At least a few of my students had difficulty understanding what any of this has to do with outdoor recreation or environmental conservation. As you’re reading this you might have many of the same questions. Through much of my research in recent months I’ve been working to understand how The Adventure Gap, as described in my book of the same title, was created, when it began to form. The greatest misconception we can assume is that people of color in our country have had unfettered opportunities to do and go anywhere we please, at least since emancipation. The reality is that vulnerable members of our population, minorities of all kinds, are constantly at risk of inhumane treatment by their fellow citizens, officers of law enforcement and the federal government itself. The same unlawful restrictions at prevented African-Americans in the United States from purchasing homes, voting, using public restrooms and attending desegregated schools are the ones that prevented them from visiting public beaches and yes even national parks. The notion of equity is at the core of a person’s right to access nature.
The freedom to travel safely without fear of mistreatment or abuse is the most basic tenant of life on American soil. Even those who enter this country illegally are guaranteed the right to be treated humanely and to have their day in court. Much of the negative pressure that has kept people of color from experiencing remote wilderness areas or even nearby green spaces often presents itself by tacit suggestions that they don’t belong, less explicit omissions from the cultural narrative of outdoor recreation and environmental conservation or the threat of physical violence.
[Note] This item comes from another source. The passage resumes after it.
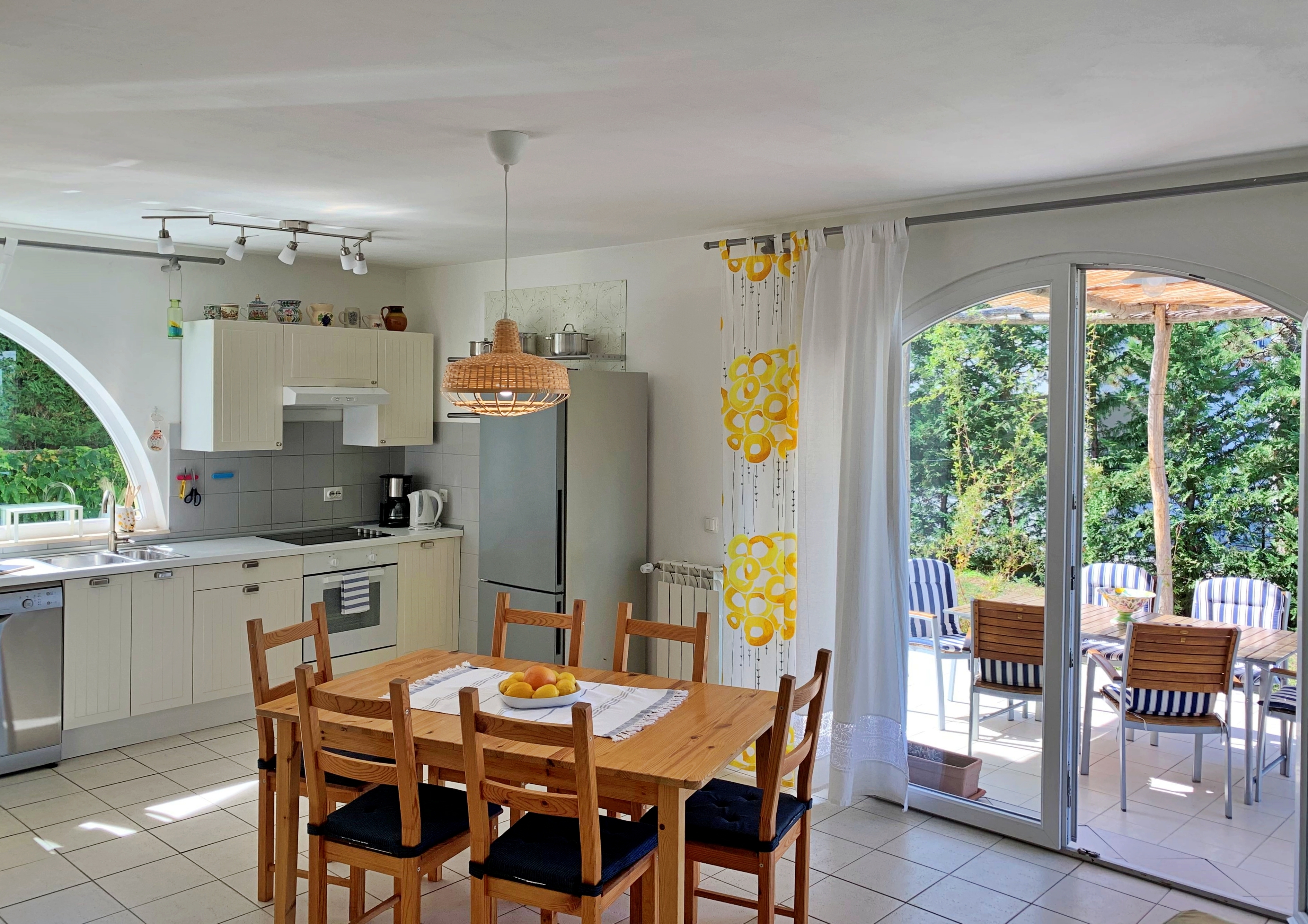 Two bedroom apartment with terrace and sea view Šilo, Krk  A-c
Though certainly there have been fewer instances of overt racism keeping people of color from experiencing the outdoors in meaningful ways they continue to occur. The very possibility that a person might feel unsafe or unwelcome is enough to deter them from even trying.
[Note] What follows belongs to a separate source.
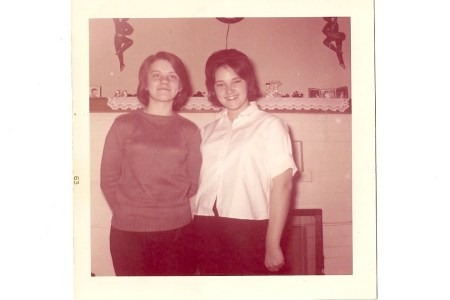 Sue and Glenda (Manley) Smith 1963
Just as I have encouraged my students to think proactively about what we can do to stop the upward spiral of chaos I want to impress upon everyone the importance of defending the rights of others to enjoy life, liberty and the pursuit of happiness that is promised in our Constitution. Let’s start by enforcing the Civil Rights Act of 1866. The due process provisions of that legislation and the 14th Amendment define a very simple philosophy we learned as children under the golden rule: Do unto others as you would have others do unto you. I believe that it is important to understand that the systems meant to keep people from enjoying the basic freedoms of life in America were put in place deliberately. Legislation, institutions and policies that include slavery, Jim Crow segregation, redlining and voter identification are all designed to restrict the social mobility of entire classes of human beings in the United States. It’s not enough to simply declare “all men are created equal” and assume that everyone is given the same advantages and opportunities to achieve their particular version of the so-called American dream. If we are truly going to correct the atrocities of the past we must be equally deliberate in our efforts to remove them.